Publié le par Front de Gauche Pierre Bénite

La recommandation 14 est un des loups du rapport Lecocq

Par Laurent PATE  Avocat spécialiste en droit du travail chez SCP PATE & JUNG

Je cite intégralement avec les guillemets :

« Recommandation n°14 : Proportionner les obligations et les moyens à déployer dans les entreprises en fonction de leur spécificité et des risques effectivement rencontrés par les salariés

  •  A cet effet revisiter, en coopération avec les partenaires sociaux, la réglementation pour la faire évoluer vers une simplification et une recherche d’efficacité réelle.
  • Rendre les décrets applicables à titre supplétif lorsque l’entreprise adopte des dispositions de prévention qui répondent au même objectif que la réglementation sans en suivre les modalités d’application concrètes. Une telle logique, sans rien céder à l’exigence de sécurité, serait de nature à réduire l’écart entre les exigences réglementaires (conformité) et les contraintes du travail réel et à améliorer l’effectivité de la prévention. »  
  • On peut revisiter la réglementation comme on revisite la recette de la tarte au citron : votre gâteau doit ressembler à tout sauf à la tarte au citron et vos hôtes, en la savourant vous diront  poliment « dis donc, c’est dingue, on dirait de la tarte au citron !» ; ou  bien, comme PICASSO et BRAQUE  qui, en leur temps, avaient « revisité » l’art du portrait … sous la forme de cubes. 

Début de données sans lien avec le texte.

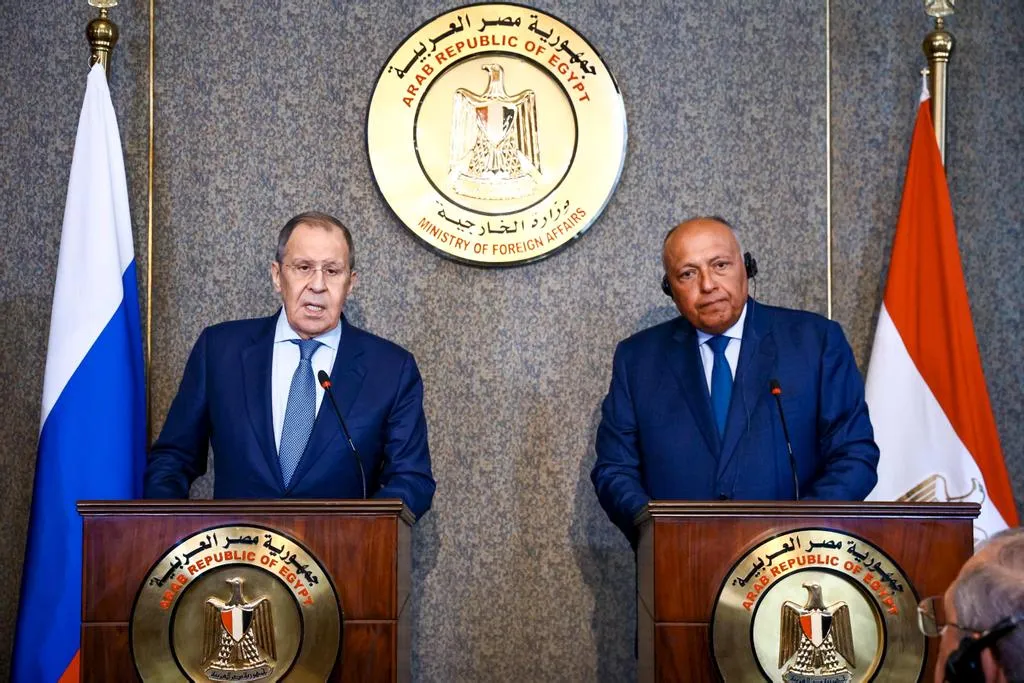 وزير الخارجية الروسي سيرغي لافروف ونظيره المصري سامح شكري خلال مؤتم?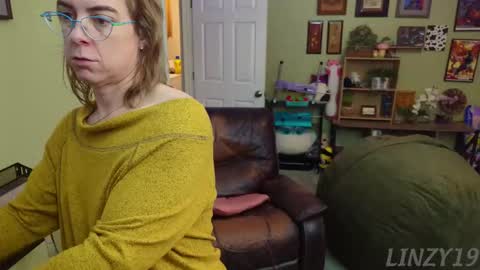 Linzy19 online show from December 5, 11:44 pm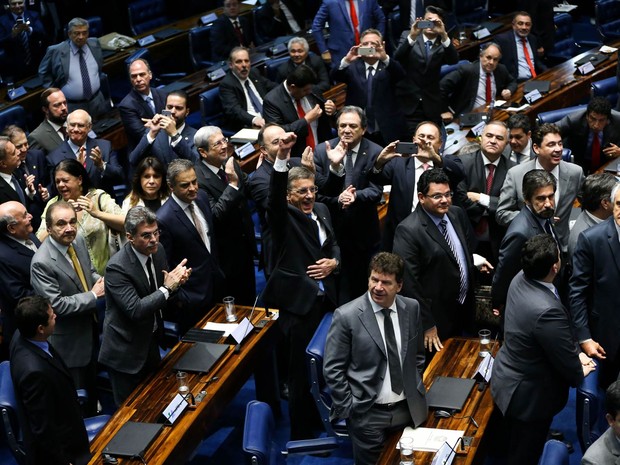 PEC do Teto é aprovada em votação final e congela gastos por 20 anos.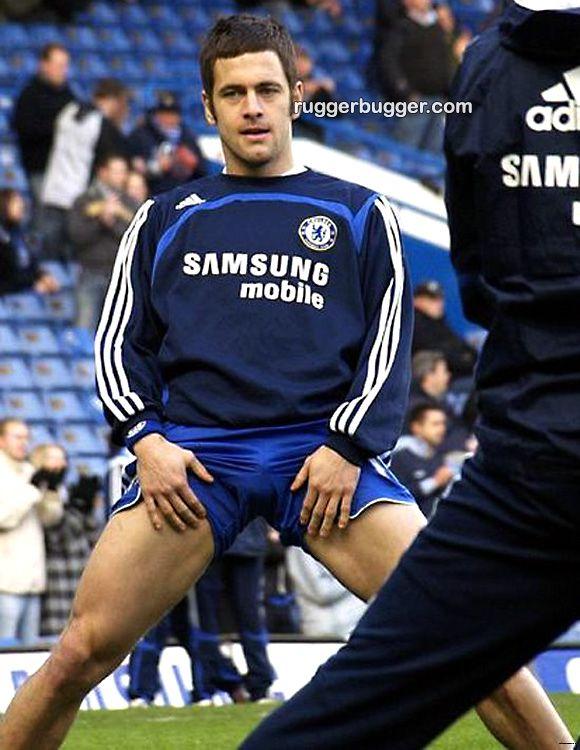 นักฟุตบอล หล่อๆยกทีมมาโชว์ตุง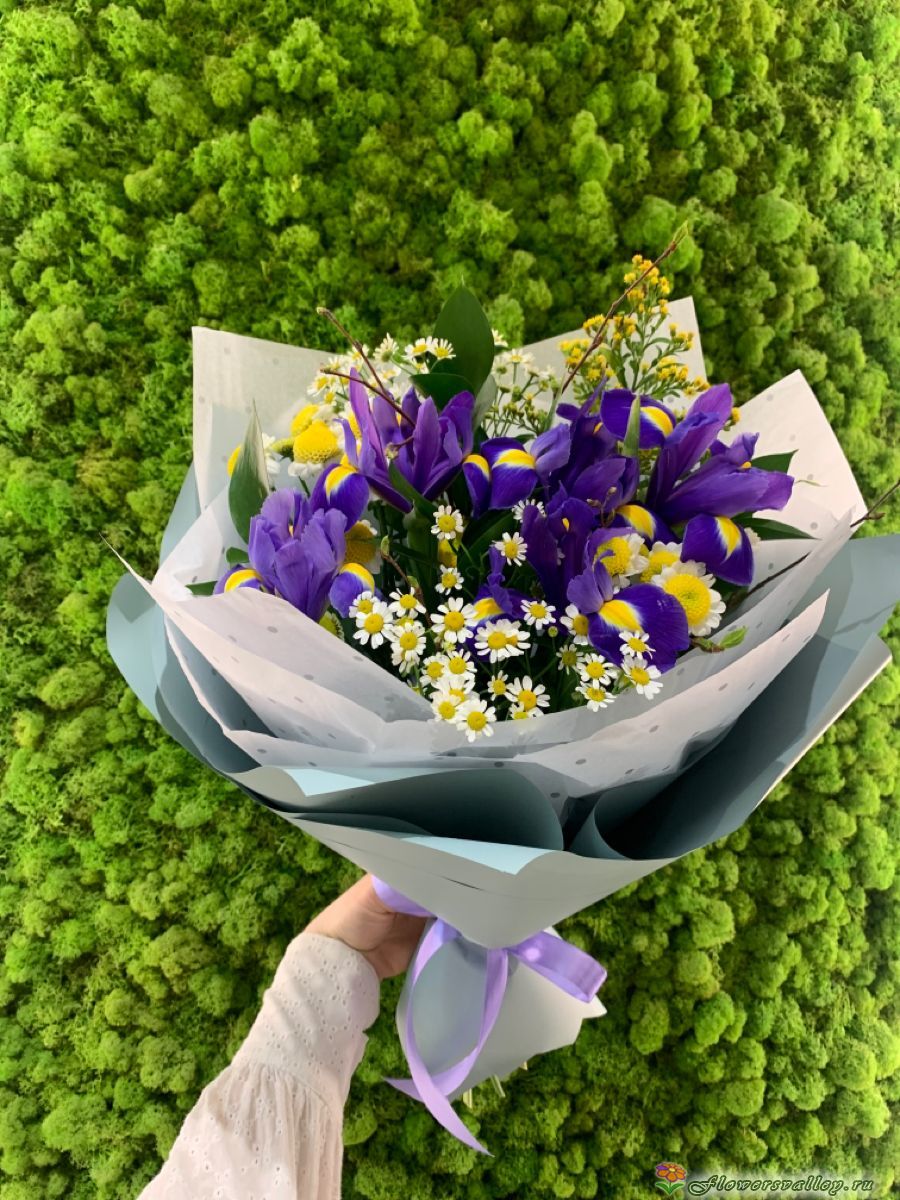 Букет из ромашек и 9 ирисов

La recherche d’une meilleure effectivité de la règle est un souci louable – un impératif même- qui peut passer par un effort de simplification, afin qu’elle soit mieux comprise par celui qui doit la respecter.

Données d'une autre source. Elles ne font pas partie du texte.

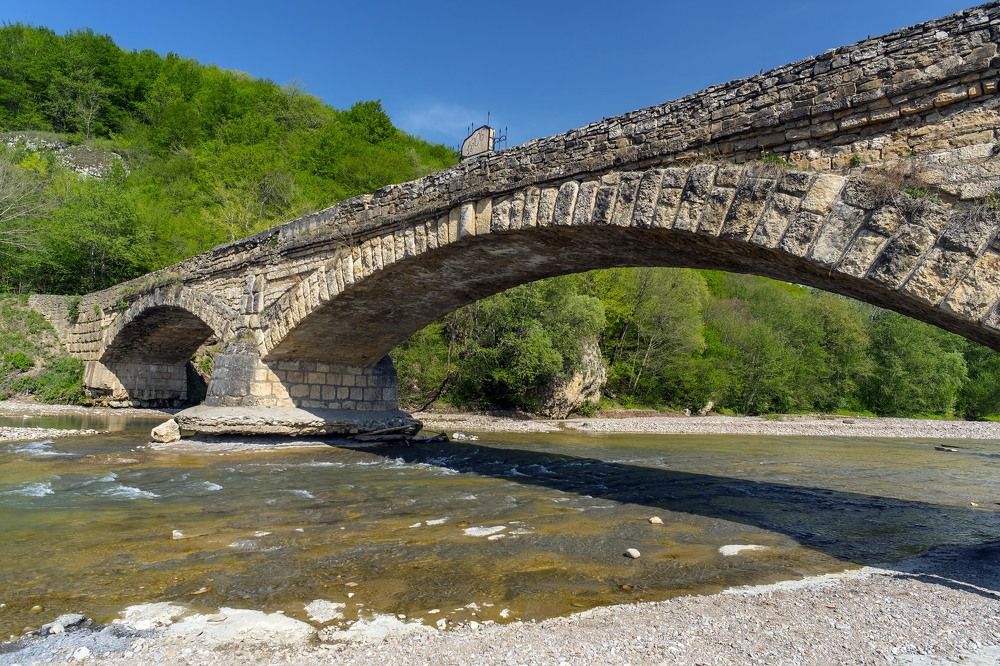 Старый мост через реку Дах. Республика Адыгея, станица Даховская.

Mais ici, ce que recommande le Rapport LECOCQ, sous couvert de simplification, c’est autre chose : il s’agit de « revisiter » la réglementation afin de la plier aux contraintes du « travail réel » (sic) 

Il faudrait réfléchir à la logique qui sous-tend cette recommandation :  

Simplifier pour rendre efficace, rien à redire, mais rendre les textes applicables à titre supplétif  (donc permettre à un employeur de ne pas les appliquer) sans rien céder à l’exigence de sécurité, cela devient plus confus,  même  si l’objectif est de réduire l’écart entre les textes et le « travail réel ».  

Le « travail réel », vous l’avez compris, c’est celui qui a échappé aux acteurs de la santé au travail qui,  depuis des décennies, dans un dialogue social très complexe, se sont évertués à avancer mais …« virtuellement », à  côté de la réalité. 

Pour bien mesurer l’écart qui sépare le « travail réel » et la réglementation, cet arrêt de la Cour de cassation du 29 juillet 1897 que vous trouverez au Recueil DALLOZ 1898 page 177:  

"(…) attendu que DUTHEIL, ouvrier mineur au service de PERRIN Père et Fils, entrepreneurs de travaux publics, a été blessé à l’œil droit par un éclat de pierre  alors qu’il réduisait avec une masse un bloc détaché par l’explosion de la mine ; que cette blessure a entrainé la perte de l’œil ; qu’il a demandé à ses patrons de dommages-intérêts, leur reprochant de ne l’avoir pas muni de lunettes de cantonnier ; que l’arrêt attaqué ( de la cour d’appel) a repoussé sa demande par le motif que les patrons n’avaient commis aucune faute, « la nature même du travail auquel il était employé ne permettant pas de supposer que l’emploi de lunettes pût être utile », que cette appréciation souveraine du juge du fait échappe au contrôle de la Cour de cassation (…) » …

DUTHEIL, borgne,  n’a pas eu réparation. C'était avant la grande loi sur les accidents du travail de 1898.